→ ACTIVITY:
Once you reach the line containing "SUBARU OUTBACK image 3", return it and every line after it exactly, through the end of the records below, with no pictures.

(Collection entries)

☆ ☆ ☆

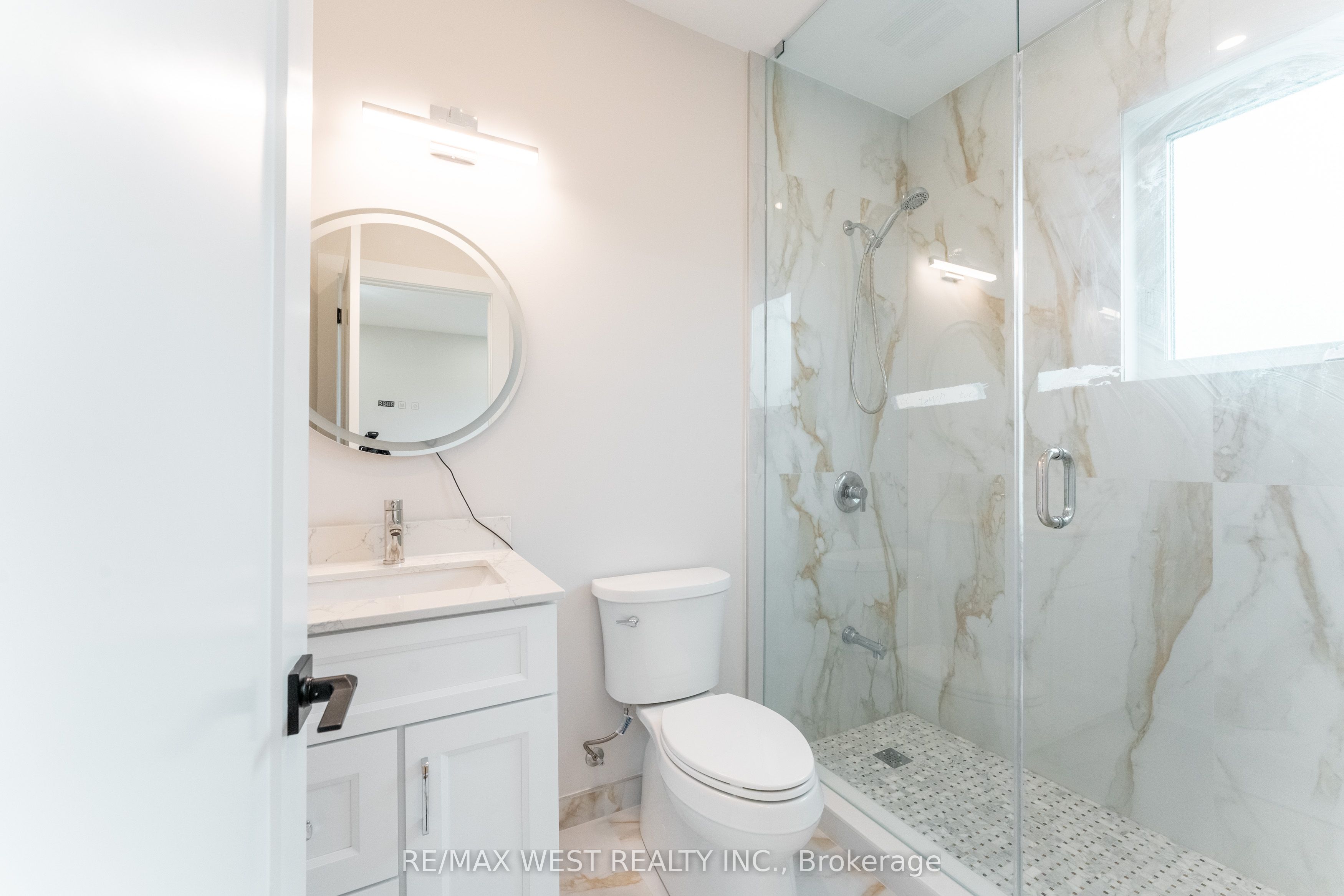 185 Riverview Boulevard Property Photo 24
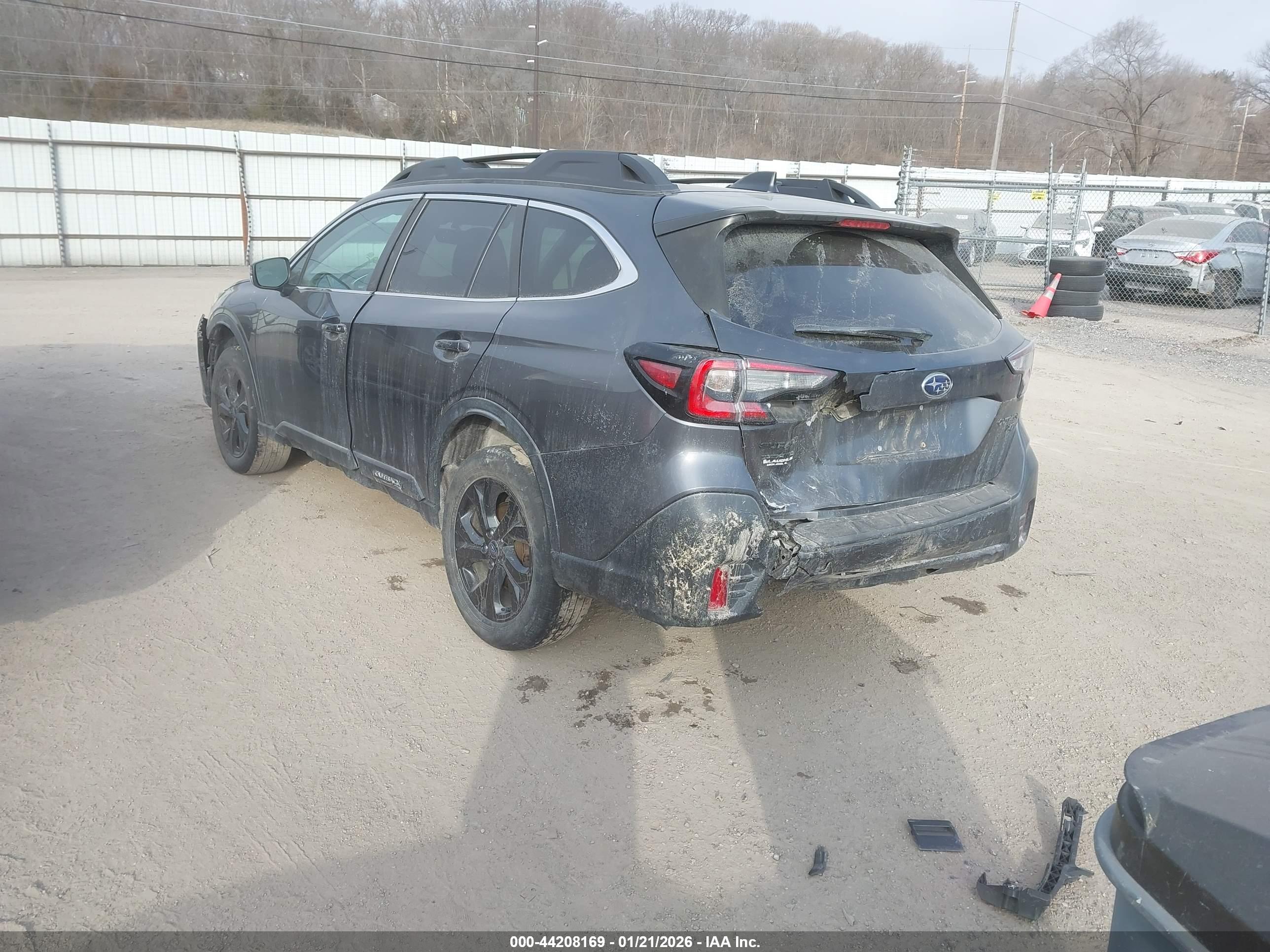 SUBARU OUTBACK image 3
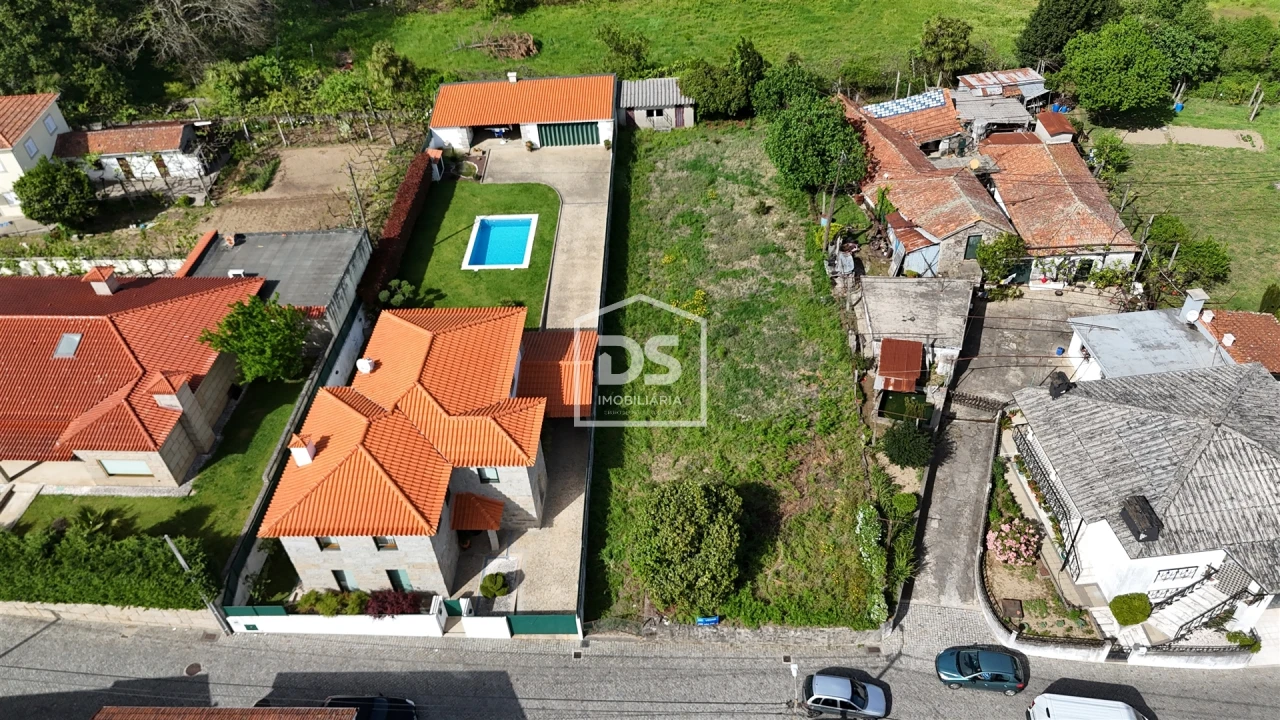 Terreno para Venda em Nespereira e Casais Foto 1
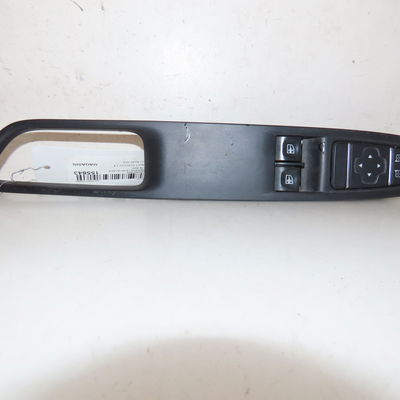 Commande lève-glace porte avant gauche Renault CLIO IV (BH_) 1.5 dci 90 (2012) 5 portes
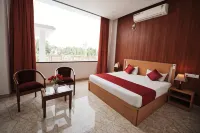 The Retreat Hotel a Mirzapur cum Vindhyachal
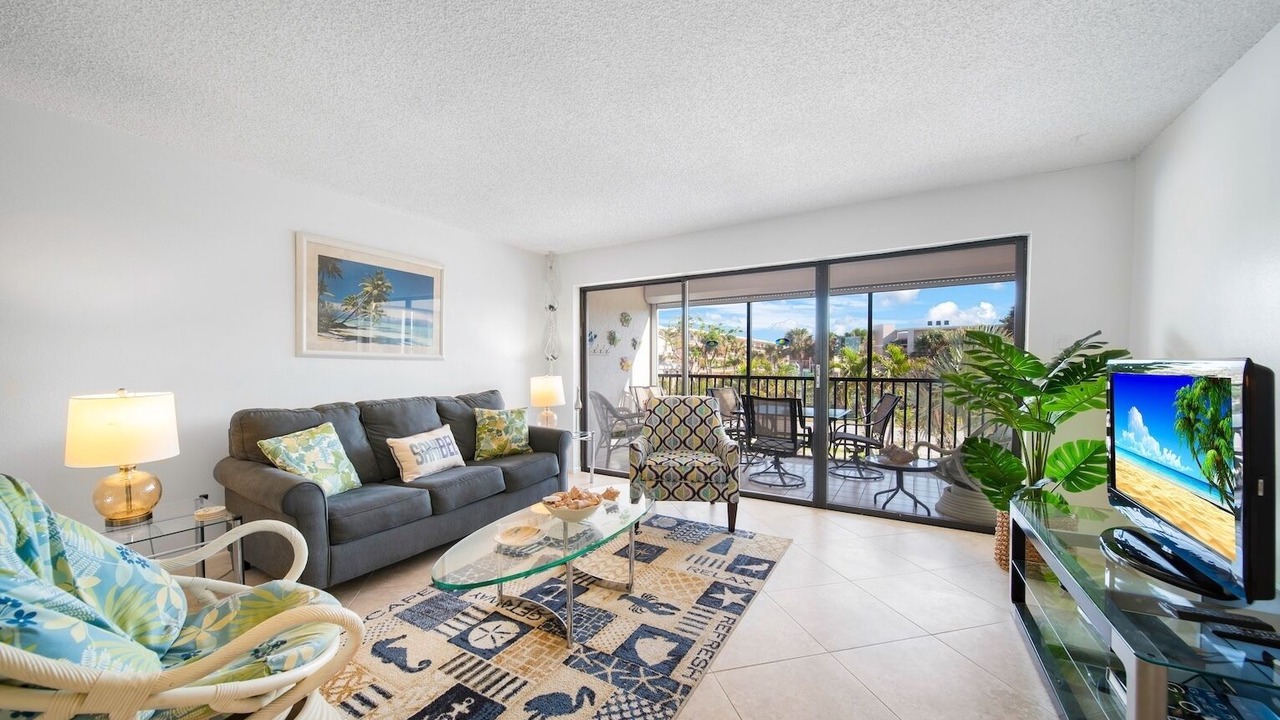 Photo of Livingroom in Beachview Country Club Estates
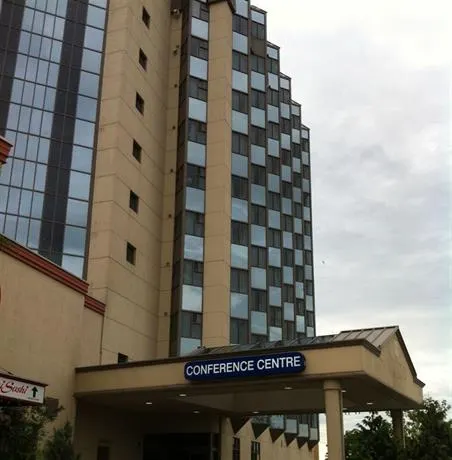 Emerald Crown Hotel - Image 1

☆ ☆ ☆

→ COMPLETED EXERCISE:
 SUBARU OUTBACK image 3
 Terreno para Venda em Nespereira e Casais Foto 1
 Commande lève-glace porte avant gauche Renault CLIO IV (BH_) 1.5 dci 90 (2012) 5 portes
 The Retreat Hotel a Mirzapur cum Vindhyachal
 Photo of Livingroom in Beachview Country Club Estates
 Emerald Crown Hotel - Image 1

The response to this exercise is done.